The availability of open source software projects has created an enormous opportunity for empirical evaluations in software engineering research. However, this availability requires that researchers judiciously select an appropriate set of evaluation targets and properly document this rationale. This selection process is often critical as it can be used to argue for the generalizability of the evaluated tool or method.To understand the selection criteria that researchers use in their work we systematically read 55 research papers appearing in six major software engineering conferences. Using a grounded theory approach we iteratively developed a codebook and coded these papers along five different dimensions, all of which relate to how the authors select evaluation targets in their work.
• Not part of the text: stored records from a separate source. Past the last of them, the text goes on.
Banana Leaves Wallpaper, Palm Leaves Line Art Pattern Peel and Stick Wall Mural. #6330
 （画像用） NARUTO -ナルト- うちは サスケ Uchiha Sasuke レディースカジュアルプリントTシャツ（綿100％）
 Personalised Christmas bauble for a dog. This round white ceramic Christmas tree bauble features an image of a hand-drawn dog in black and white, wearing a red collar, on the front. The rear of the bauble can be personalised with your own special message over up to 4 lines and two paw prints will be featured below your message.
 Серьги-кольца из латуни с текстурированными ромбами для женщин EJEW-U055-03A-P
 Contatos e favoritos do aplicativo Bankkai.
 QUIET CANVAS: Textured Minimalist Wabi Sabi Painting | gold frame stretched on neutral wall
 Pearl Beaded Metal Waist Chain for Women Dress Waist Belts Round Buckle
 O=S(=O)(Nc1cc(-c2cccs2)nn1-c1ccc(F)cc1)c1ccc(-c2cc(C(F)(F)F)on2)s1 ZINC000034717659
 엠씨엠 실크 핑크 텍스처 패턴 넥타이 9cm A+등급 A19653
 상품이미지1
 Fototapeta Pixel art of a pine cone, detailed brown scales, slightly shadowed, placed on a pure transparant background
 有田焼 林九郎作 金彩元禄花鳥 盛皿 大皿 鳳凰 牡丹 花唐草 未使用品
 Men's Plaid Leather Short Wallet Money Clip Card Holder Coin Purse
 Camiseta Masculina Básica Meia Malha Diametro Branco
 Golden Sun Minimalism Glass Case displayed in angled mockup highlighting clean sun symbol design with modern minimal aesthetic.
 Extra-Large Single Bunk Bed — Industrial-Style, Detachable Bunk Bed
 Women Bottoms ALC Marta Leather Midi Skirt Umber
Our results indicate that most authors relied on qualitative and subjective features to select their evaluation targets. Building on these results we developed a tool called RepoGrams, which supports researchers in comparing and contrasting source code repositories of multiple software projects and helps them in selecting appropriate evaluation targets for their studies. We describe RepoGrams's design and implementation, and evaluate it in two user studies with 74 undergraduate students and 14 software engineering researchers who used RepoGrams to understand, compare, and contrast various metrics on source code repositories. For example, a researcher interested in evaluating a tool might want to show that it is useful for both software projects that are written using a single programming language, as well as ones that are written using dozens of programming languages. RepoGrams allows the researcher to find a set of software projects that are diverse with respect to this metric. We also evaluate the amount of effort required by researchers to extend RepoGrams for their own research projects in a case study with 2 researchers. We find that RepoGrams helps software engineering researchers understand and compare characteristics of a project's source repository and that RepoGrams can be used by non-expert users to investigate project histories. The tool is designed primarily for software engineering researchers who are interested in analyzing and comparing source code repositories across multiple dimensions.